I have two dependent Gaussian variables $X_1,X_2$ with unit mean each, and standard deviations $\sigma_1=2a$ and $\sigma_2=a$ respectively, while $a>0$
Is the joint distribution of these two dependent gaussian variables also gaussian !?
noting that their dependence is in the shape $$X_2 = bX_1+X_3$$ where $X_3$ is another Gaussian RV with unit mean and constant variance. $X_1,X_3$ are independent
Please advise
On
Yes, in your case, the joint distribution of two Gaussian random variables will be Gaussian, but this is not generally true (as per the comments).
Using characteristic functions, one can show that $(X_1,X_2)$ is multivariate Gaussian, iff $a_1X_1+a_2X_2$ is univariate Gaussian for all choices of non-zero vectors $(a_1,a_2)\in\Bbb{R}^2\setminus\{0\}$.
Let $\Sigma$ be the covariance matrix of $(X_1,X_2)$, i.e. $\Sigma$ is the $2\times 2$-matrix, whose diagonal elements are the variances of $X_1$ and $X_2$, and whose off-diagonal elements are the covariance between $X_1$ and $X_2$.

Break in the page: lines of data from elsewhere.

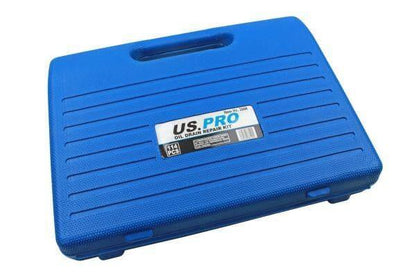 US PRO Tools 114PC Oil Drain Sump Plug / Gearbox Thread Repair Tool Kit - 3008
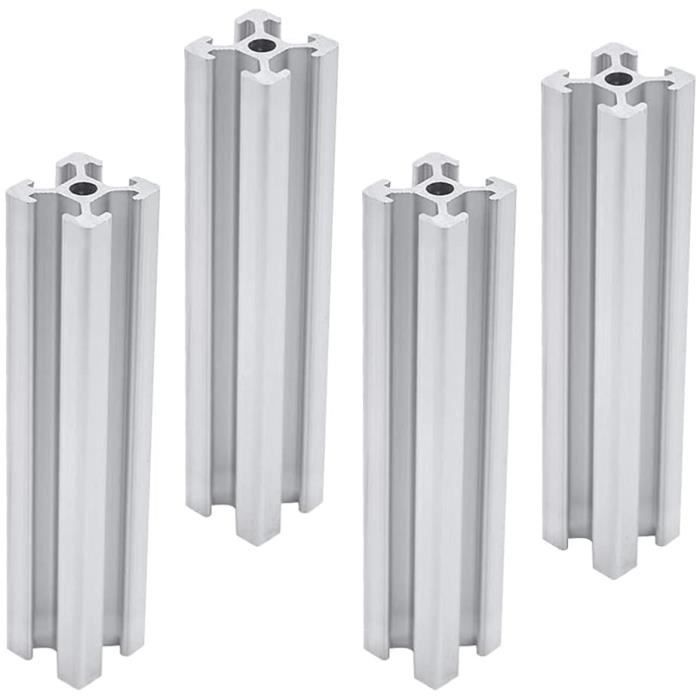 Profilé Aluminium Extrusion 2020 - 2 Pièces De 100mm (4 Pouces) - Fente En T - Bleu Anodisé - Neuf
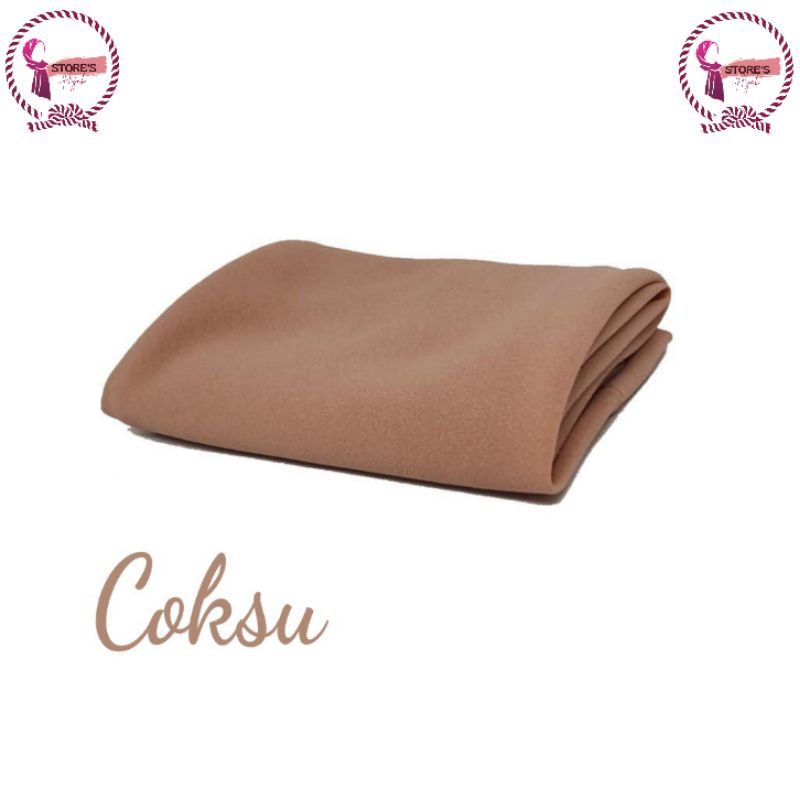 Pashmina Sabyan - Pasmina Polos Diamond Crepe-Coksu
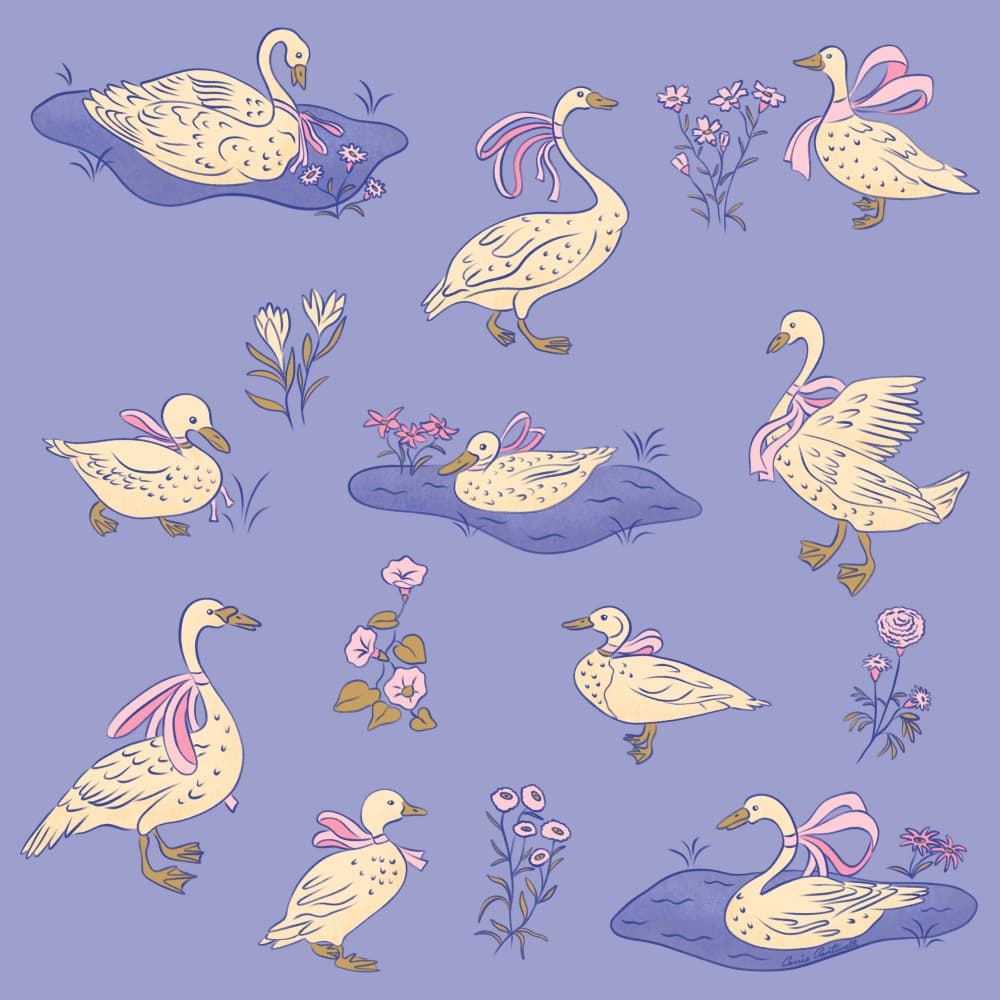 Water Birds by Carrie Cantwell — canvas wall art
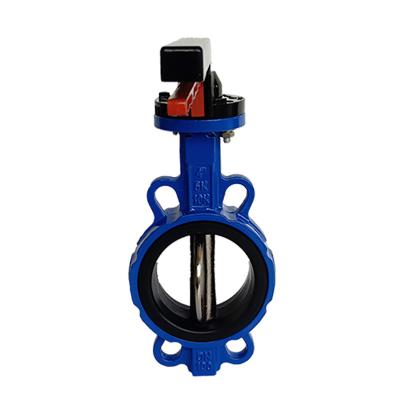 China General Resilient Di Ci Wafer Butterfly Valve EPDM Seat Cast Iron DIN PN16 Ductile Butterfly Valve for sale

Given that $X_1$ and $X_2$ are not fully correlated, the joint density of $(X_1,X_2)$ is $$f_{(X_1,X_2)}(\mathbf{x}) = \frac{1}{2\pi \sqrt{|\Sigma|}}\exp\left(-\frac{1}{2}(\mathbf{x}-\boldsymbol{\mu})^T\Sigma^{-1}(\mathbf{x}-\boldsymbol{\mu})\right),$$ where $\mathbf{x} = (x_1,x_2)$, $\boldsymbol{\mu} = (\mu_1,\mu_2)$ are the mean values of $(X_1,X_2)$, and where $|\Sigma|$ is the determinant of $\Sigma$.
The answer is yes. Note that two random variables $X, Y$ are joint Gaussian iff $aX + bY$ is Gaussian for all $a, b \in \mathbb{R}$.